RLF points out commercial croppers have achieved typical yield gains of about 14 per cent by scaling back conventional applications of nitrogen, phosphorus and potassium products and substituting its own seed dressing and foliar products in their cropping programs.
A spin-off from the original RLF manufacturing and research outfit founded by farmers and scientists in Perth, RLF AgTech began seeking offshore opportunities 10 years ago.
It now has a factory in China, distributors in Canada, New Zealand, China, Thailand, Vietnam, Cambodia and Turkey, and export revenue of $10 million a year.
Modified strategy
"We don't suggest growers stop using conventional fertilisers, we just encourage them to allocate 80pc of their budget to their NPK products and the other 20pc for RLF seed primer and foliar sprays," said chief executive officer, Ken Hancock.
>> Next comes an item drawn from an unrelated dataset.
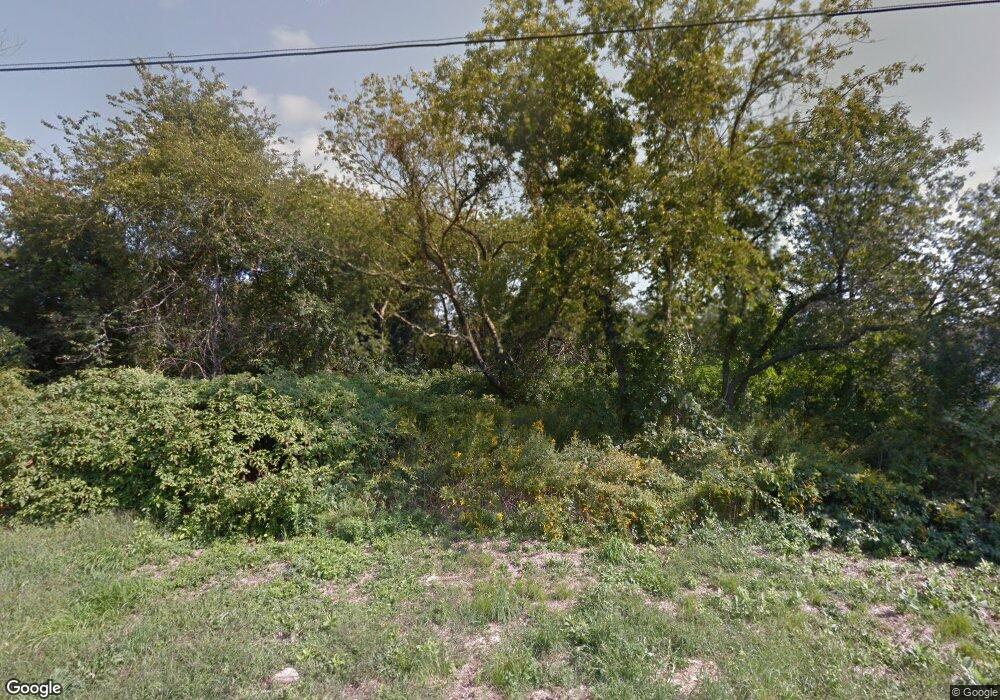 16 E View Dr, Little Compton, RI 02837 - photo 1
The company's advanced proton delivery technology, refined over two decades of research, acts to help conversion of carbon dioxide and sunlight and stimulate root growth to achieve better soil nutrition interception and conversion rates.
The technology binds critical nutrients to a hydrogen proton source which works within plants to increase photosynthesis, boosting growth and promotes healthier soil bed microbial activity.
Subsequent yields gains of 10pc to 30pc have been recorded in rice, wheat and cotton, lupins, canola, and horticultural lines such as brassicas and tomatoes.
In 2004 one notable wheat trial in North West NSW achieved a 35.6pc higher yield than a neighbouring control crop.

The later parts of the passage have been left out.